Ton serviteur, interviewé dans un salon du livre inavouable, sur le livre que tu n'aimais pas!


19.5.24

Le navet sur Limonov au festival de Cannes

    Les Canailles ont le pouvoir 

    Un des pires déshonneurs de l’âge est sans doute de voir les canailles se repaître des cadavres de ses amis. Un autre est de devoir se répéter. Oh oui, je sais qu’Édouard était ravi que le bouquin du fils à maman Carrère l’ait remis sur le devant de la scène en Occident. Je communiquais directement avec lui depuis toujours. De même, il ne crachait pas sur l’oseille que ça lui rapportait, directement ou indirectement. Lorsque ses anciens éditeurs français ont racheté les droits de ses livres des années 1980 — alors qu’ils le fuyaient comme la peste depuis les calomnieuses campagnes de presse menées par TéléramObsInrockMondÉration au début des années 90 — ils avaient cru trouver la poule aux œufs d’or, vu le succès international du bobo de gauche, fils de sa mère de droite académicienne. La classe dominante change de braquet sans trop de scrupules, l’essentiel est que la domination se poursuive. Manque de bol pour les éditeurs, c’était Carrère et les prix qui se succédaient pour ses bouses pleurnichardes qui vendaient, pas Édouard Limonov qui plafonna aux 5-6000 ex. Mon vieux copain, pour nourrir ses gamins, avait aussi besoin des 45 000 euros que lui versa la production du film scénarisé par Carrère. Pige versée pour se garantir des poursuites en vertu du « droit à l’image ». Au sujet de la mauvaise copie Carrère de ce qu’avait écrit Limonov sur lui-même, Édouard, avec une certaine ironie chez lui constante, devait préciser aux journalistes : « Je ne vous dirai pas ce que j’en pense ». Lorsque je lui écrivis « Tu sais, si c’était moi qui avais écrit sur toi, on aurait vendu à peine 500 ex. », il me répondit « Thierry, je sais qu’il a eu du succès parce que c’est un bourgeois ». J’ai gardé ce courriel…

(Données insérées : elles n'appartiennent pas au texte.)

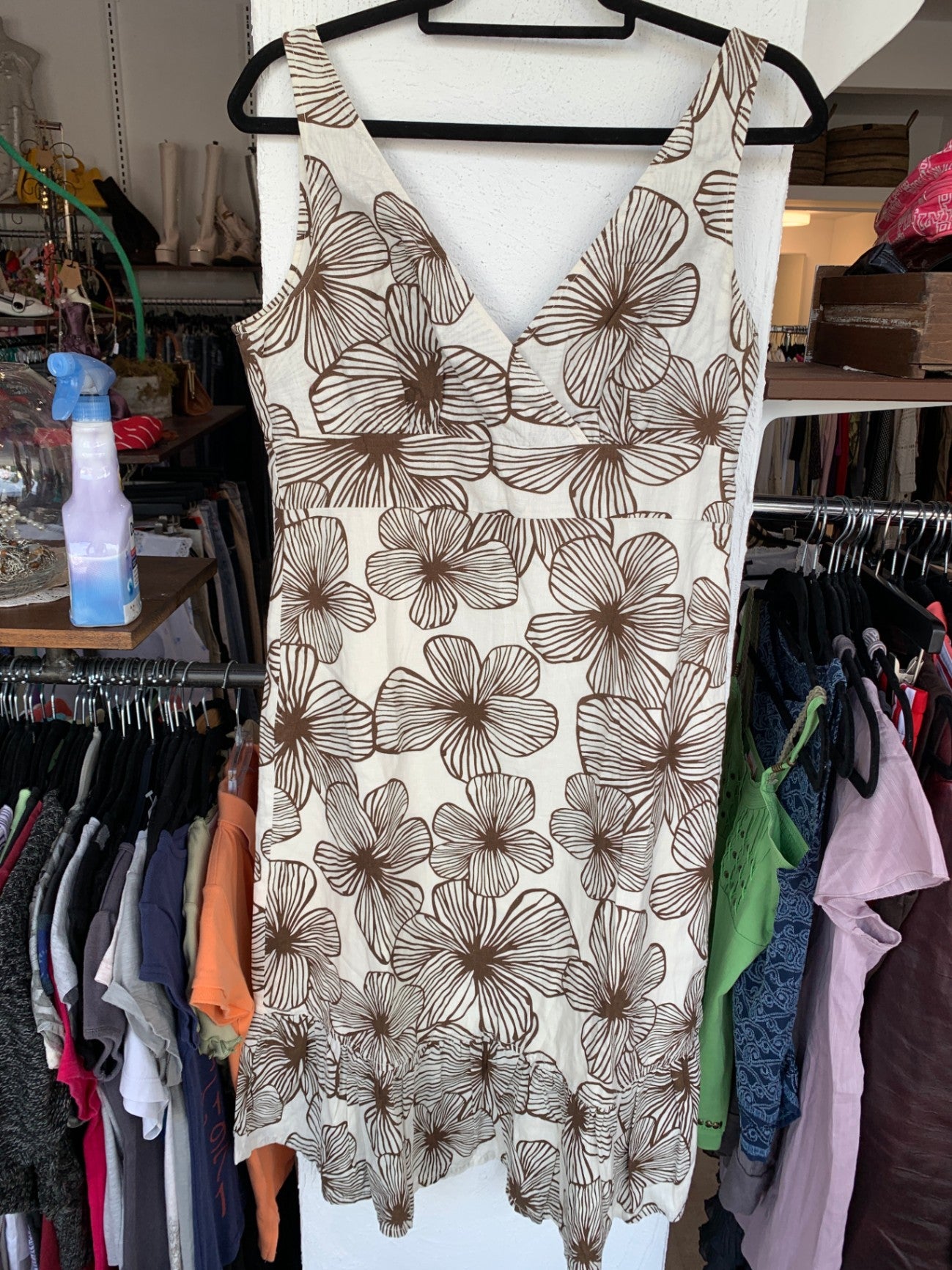 Esprit Kleid 40 Beige mit braunen Blumenmuster
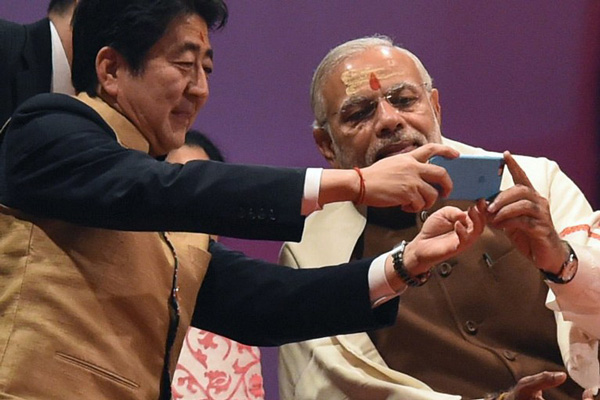 modi-abe-in-varanasi AFP prakash singh2.jpg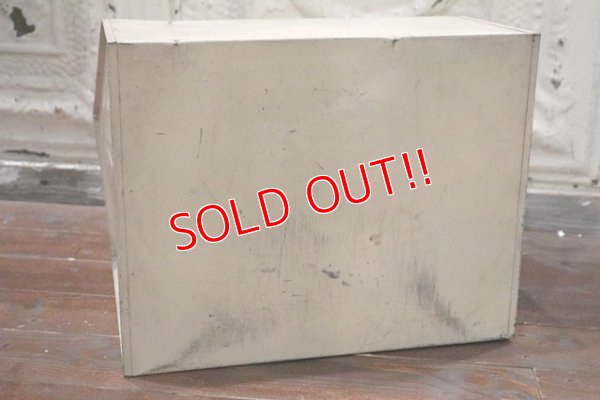 画像7: dp-190701-18 Vintage Metal Bread Box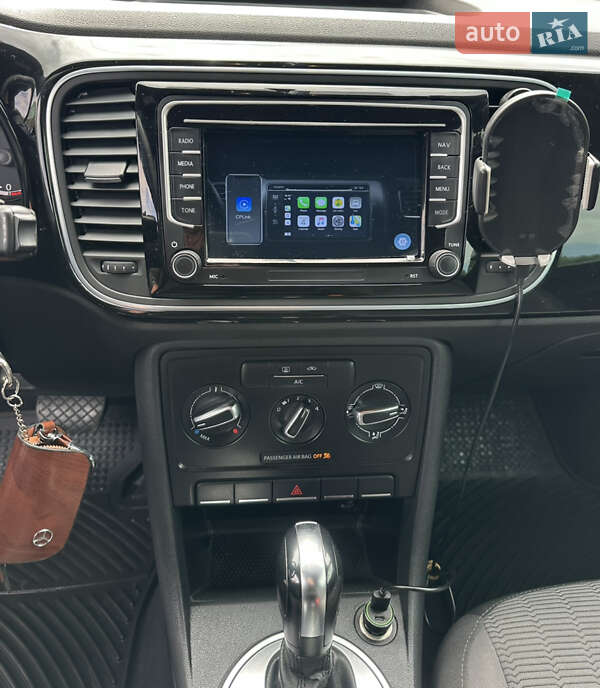 Хэтчбек Volkswagen Beetle 2014 в Днепре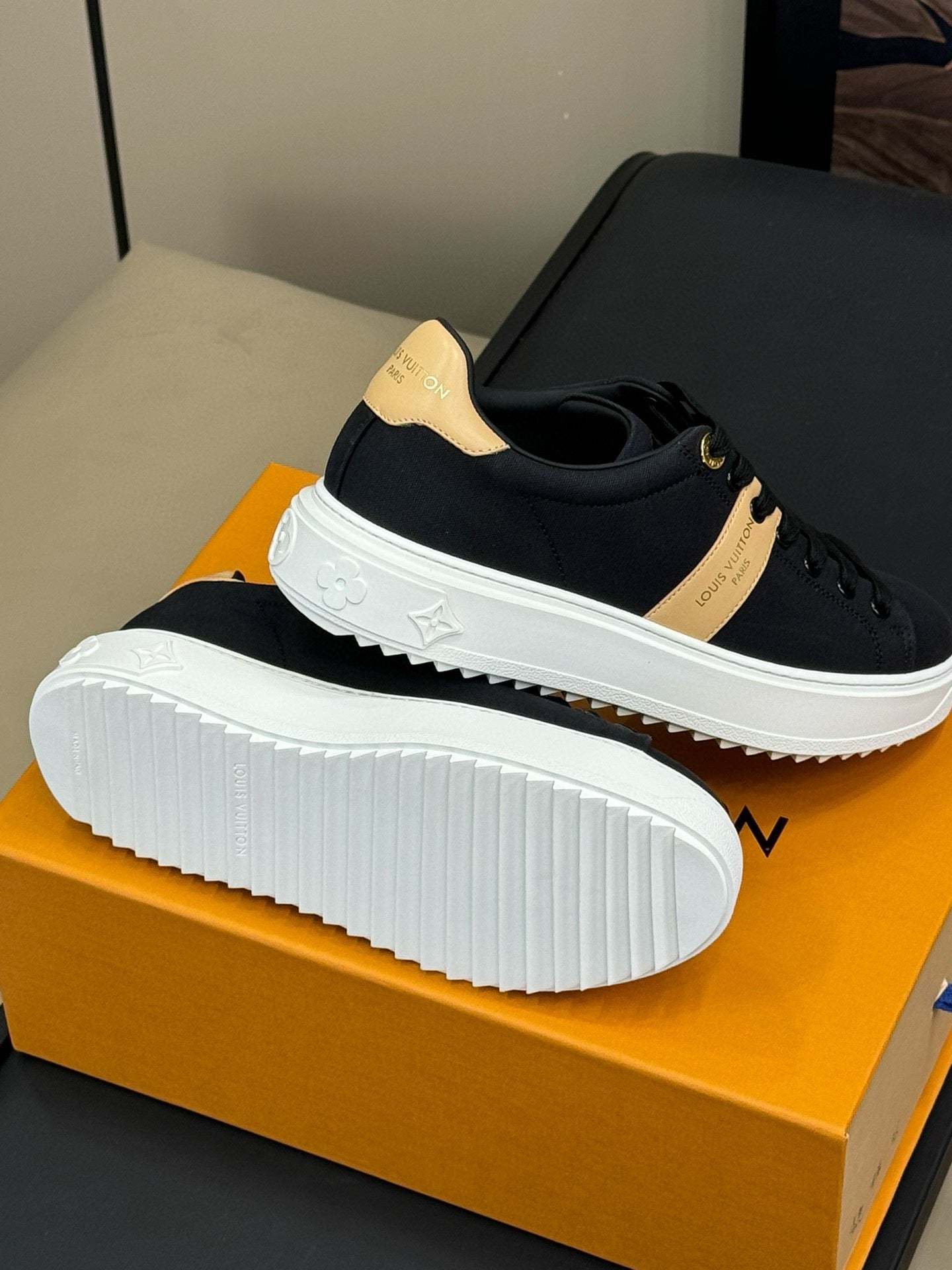 LV TIME OUT SNEAKER IN BLACK MIX MACAROON GOLD CANVAS、mysite、Cacoeks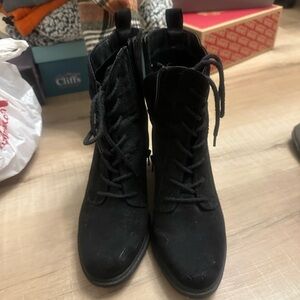 Black Women's Lace-Up Boots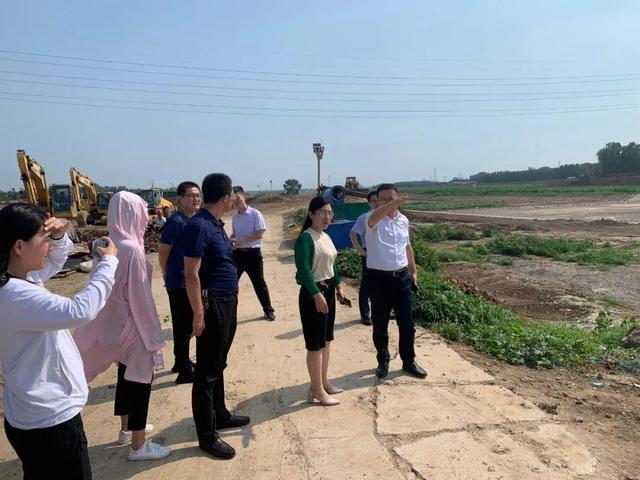 县委办公室副主任张奎国现场为大家详细讲解桓台县河道,河运的悠久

    Aujourd’hui, il faut se taper le film !… Et après les états d’âme du fils à maman, qui n’ont rien à foutre là mais font les délices d’un public friand de pornographie intime, on doit se farcir ceux d’un acteur rosbif qui n’a jamais sauté un repas de sa vie et ne sait pas qu’un pain dans la gueule — c’est en trois dimensions. Limonov avait vécu autre chose. Au lien suivant pour les anglophones : https://www.vanityfair.com/hollywood/story/ben-whishaw-cannes-limonov-exclusive-first-look-awards-insider 

    Je note, évidemment, que tant cet acteur que le metteur en scène brodent dans l’antipoutinisme bobo, pour attirer l’attention des médias occidentaux aux ordres, ils savent où est la soupe. Celui de Limonov était d’une autre trempe, et lui valut notamment deux ans et demi de prison. Sur place, en Russie, pas au festival de Cannes où l’on ne risque guère que de déraper sur le tapis rouge, robe trop longue ou acteur bourré. En apprenant qu’un navet était en cours, caricature de mon vieil ami, je m’amusais à imaginer qui jouerait mon rôle, quelle farce !… Mais le fils à maman Carrère et votre serviteur… Nous ne sommes pas de la même paroisse… Je ne savais pas à l’époque que ce doré sur tranche était scénariste du navet… Nous avions entretenu de brefs rapports alors qu’il songeait à rédiger son livre sur un «sulfureux » comme l’était mon ami Édouard qu’il connaissait si mal, deux coups de fil. Puis il avait appris en quelle haute estime je tenais sa « prose » autofictionnelle pleurnicharde de nanti, et ça s’était arrêté là. Donc, personne hélas ne jouera mon rôle dans ce biopic pour les abrutis. Dommage, j’aurais bien rigolé !…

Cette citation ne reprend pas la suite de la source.